¿Papá, es cierto que por estas montañas hay corzos, y que te gustan mucho? ¿Y cómo son? ¿Nos puedes llevar ahora de excursión a ver corzos, ahora, ahora, ahoooooora?”, me preguntaba tirando del pantalón mi hija Candela, de cinco años, hace unos días.
Disfrutaba de una agradable tertulia post-comilona familiar estival campestre cántabra –con tantos adjetivos descriptivos imagínese usted la estampa y volumen de la ingesta– en compañía de los míos y de un matrimonio amigo, quien traía consigo, asimismo, a sus hijos de 6 y 4 años, Miguel y Marta.
Al momento, encerrona y los tres a mi alrededor, con una cara de súplica y la aventura pintada en sus ojos, ¡cualquiera podría renegar la invitación que me hacían los niños para dar con ellos un paseíto por el campo! A la ribera del río de Eva intentaríamos encontrar algún corzo que se hubiera despistado por completo y anduviera visible –sin prismáticos– y sordo a esas horas, las seis de la tarde de un calurosísimo día, y a una distancia razonable y cómoda de andar para los niños. En fin…
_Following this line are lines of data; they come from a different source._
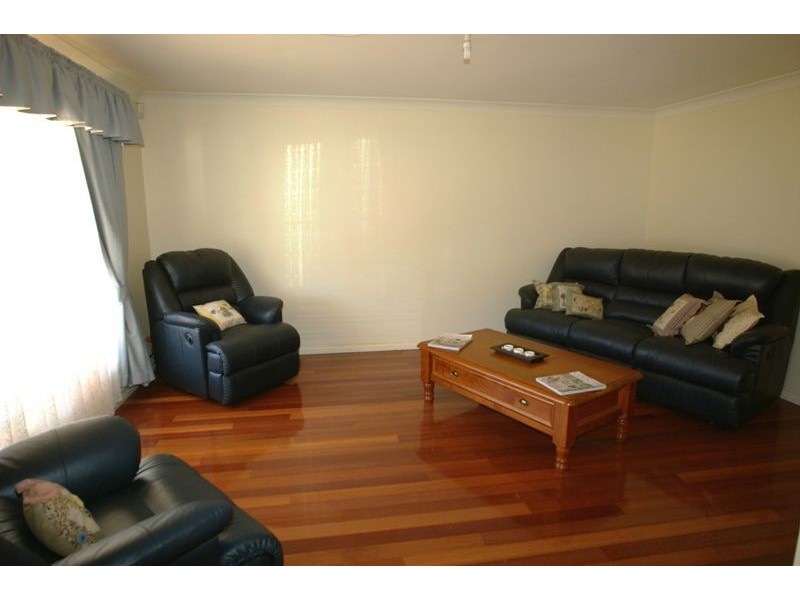 52 Minerva Road, Wedderburn NSW 2560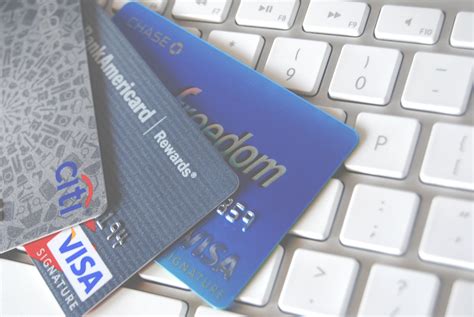 The process of getting a corporate credit card differs somewhat from that of a regular credit card. What I Learned From Keeping A Running Credit Card Balance, And How You Can Avoid It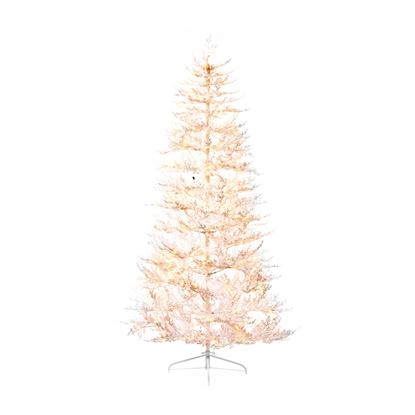 Premier-Prelit-Arctic-Spruce-240-LEDs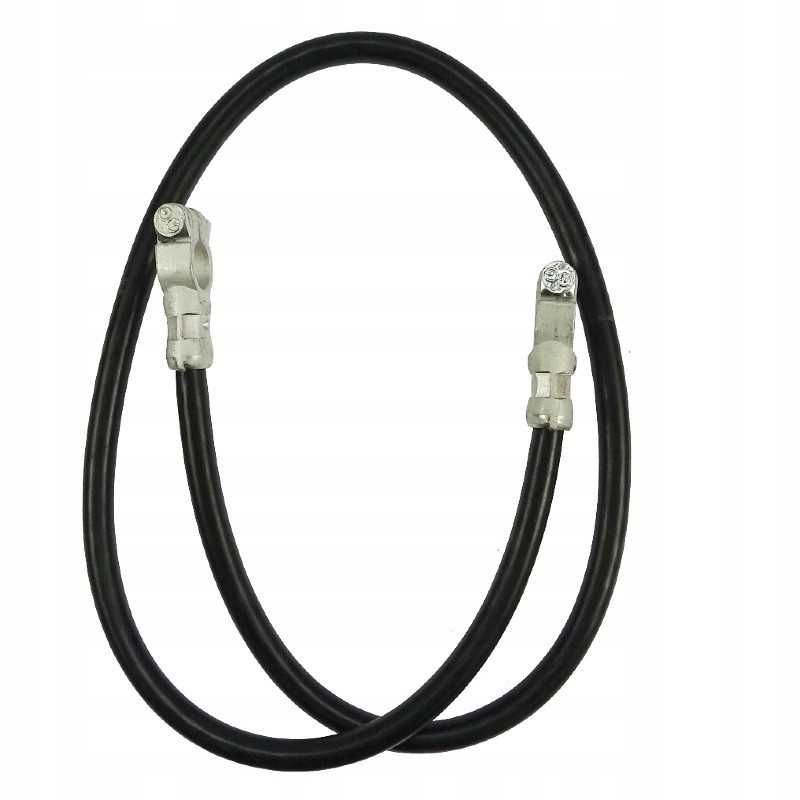 Kabelis, jungiantis baterijas c 360 1280 mm 115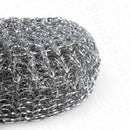 Briosa Fibra Extra Grande / 1 pieza 61299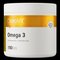 OstroVit Omega 3 - 150 kapslit — Capsules view 1
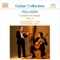 Centone Di Sonate Vol.3: Sonata No. 14 in G Major - Rondo: Allegro Molto Vivace - Trio artwork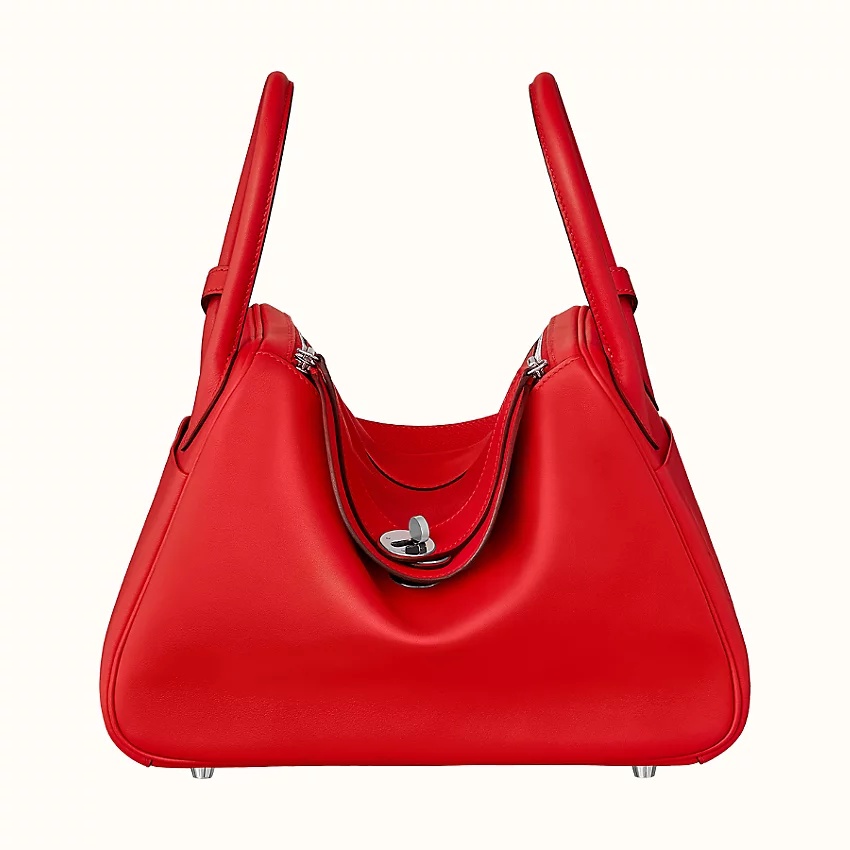 Lindy 30 bag - 1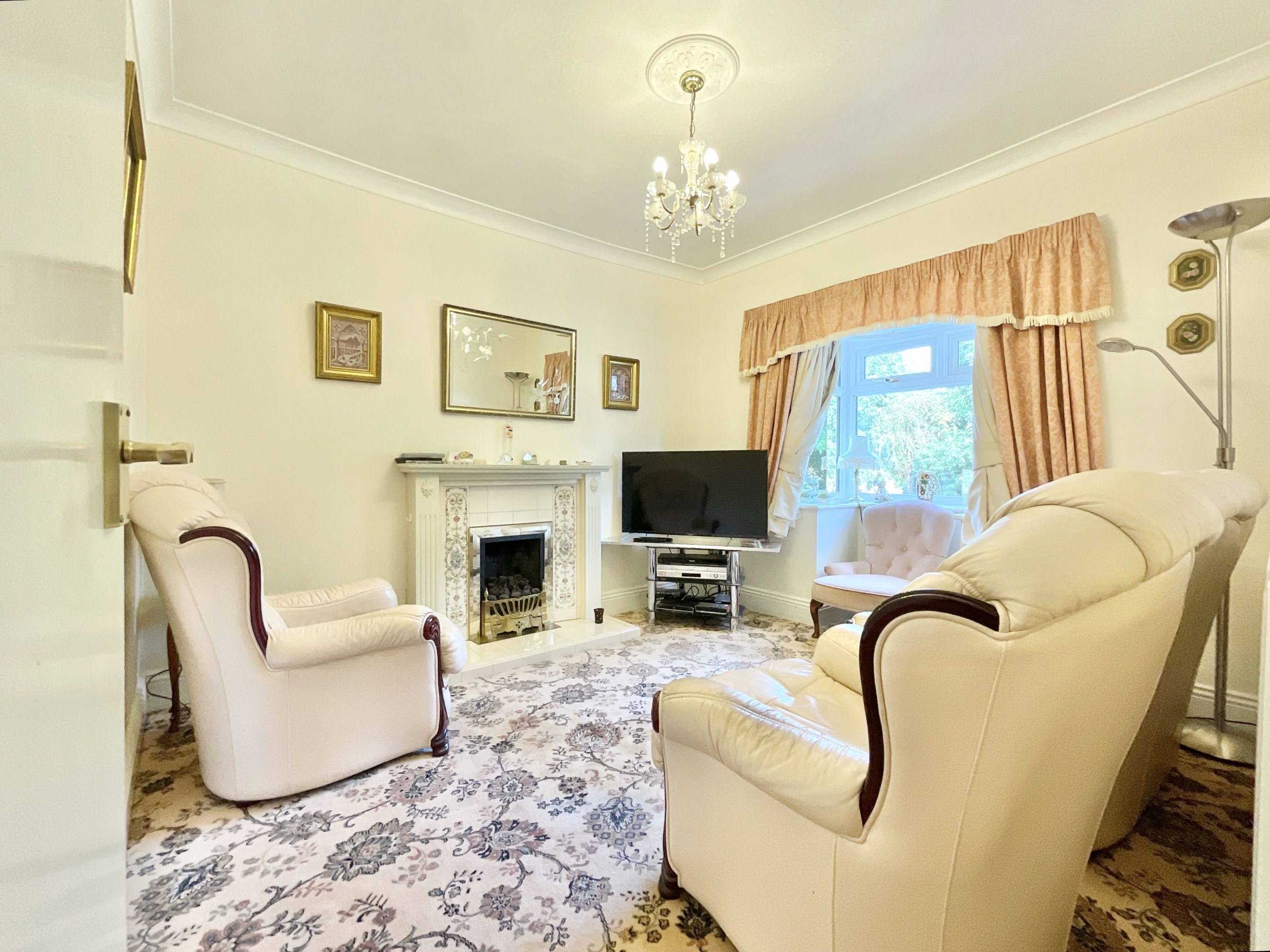Sandy Lane, Cotes Heath, ST21, photo 9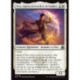(Foil) Blanche - Teyo, expert en boucliers de lumière (V1) (U) [FRA]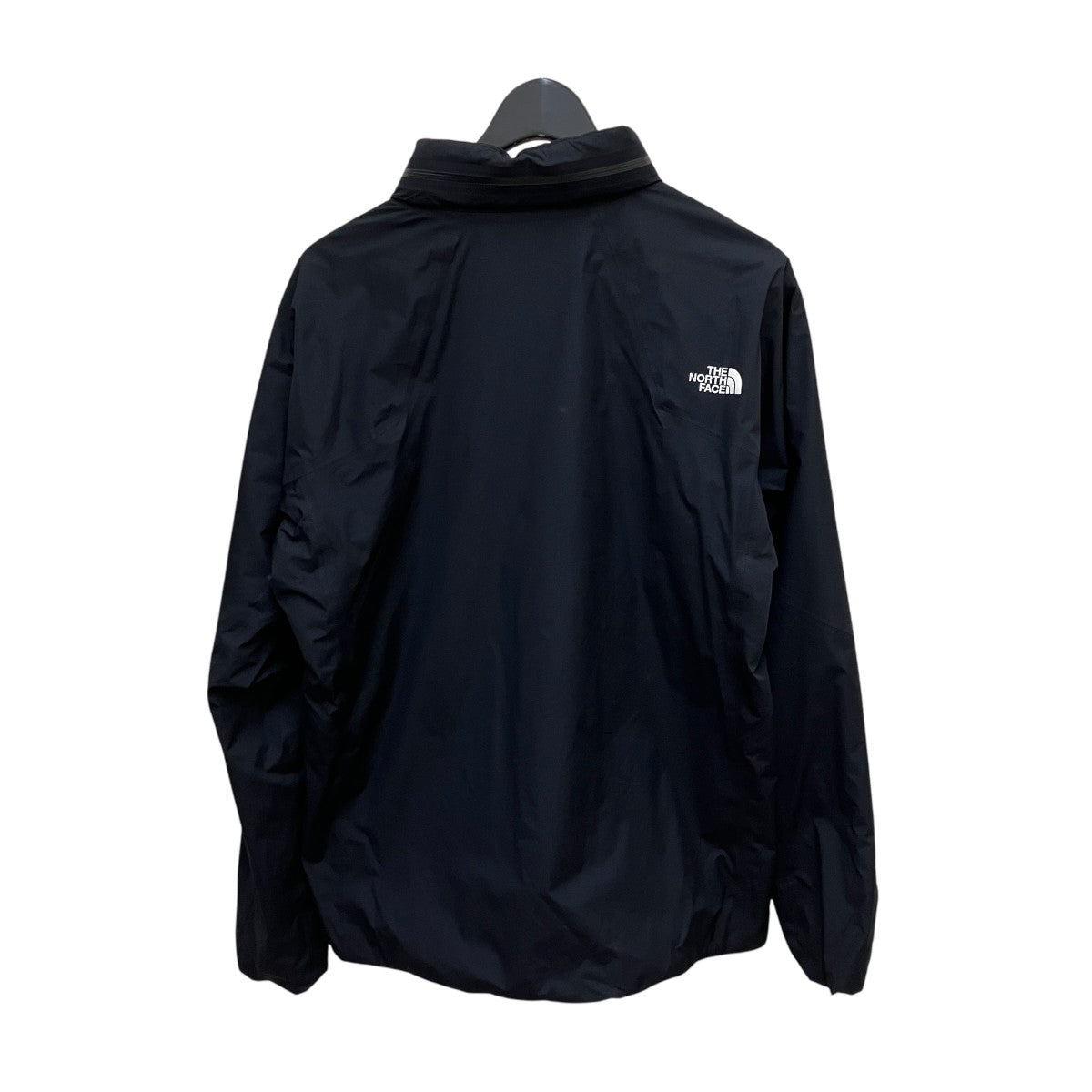 GTX Insulation JacketジャケットNP61803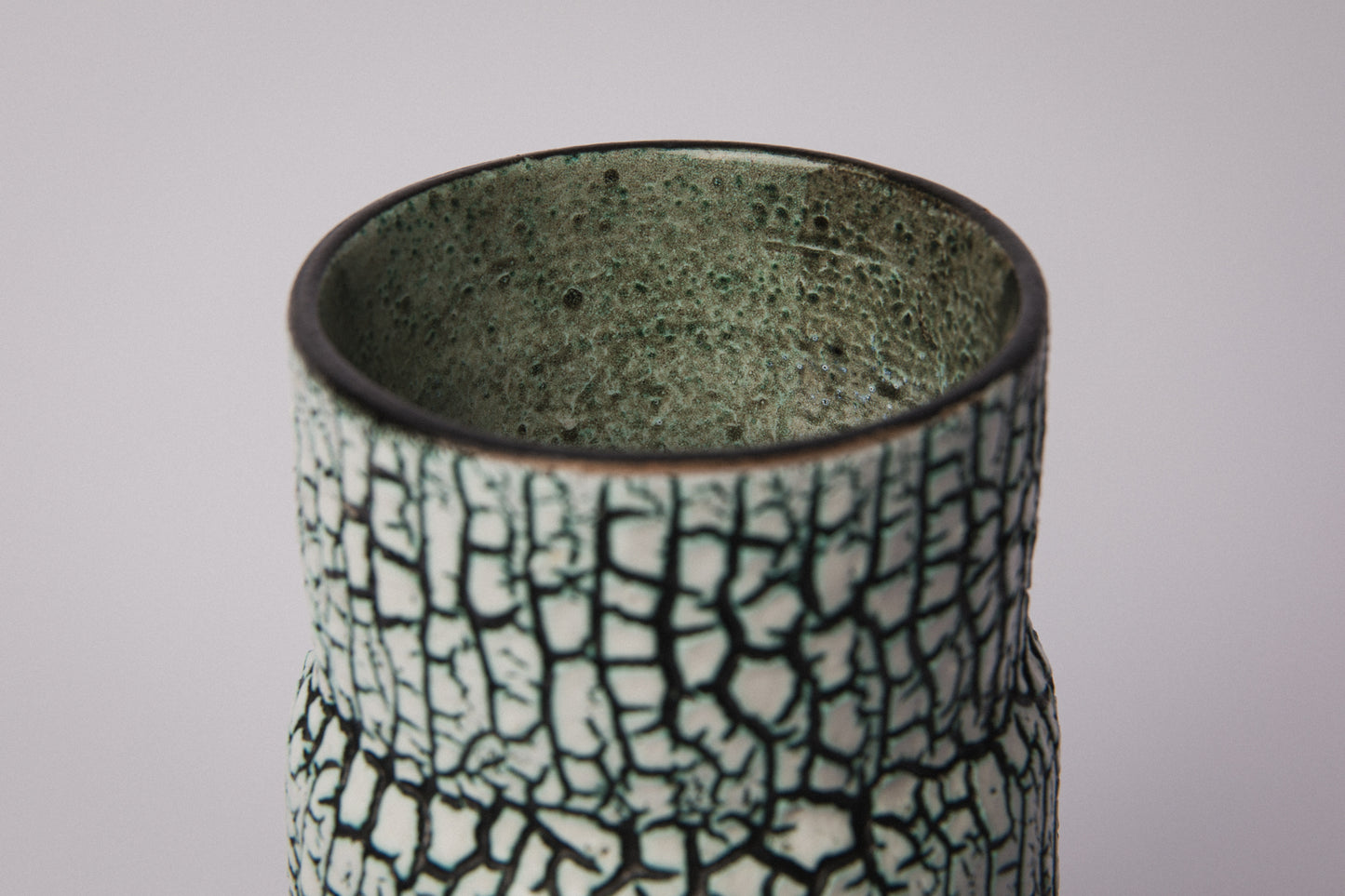 Károly Bán VASE _ 1402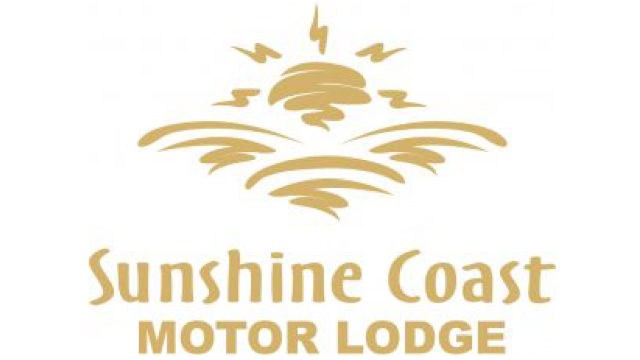 sunshine-coast-motor-lodge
–Cuidado, niños, esas plantas que veis ahí son ortigas, y si las tocas pican mucho, así que ni las rocéis. Tienen unos pelitos que contienen un líquido, llamado ácido fórmico, que al rozar la piel pica mucho, así que cuidado donde pisáis –les advertí–, id con los ojos muy abiertos.
–A mí me ha dicho una niña de mi cole que si no respiras al tocarlas no te pican –me replicó Marta.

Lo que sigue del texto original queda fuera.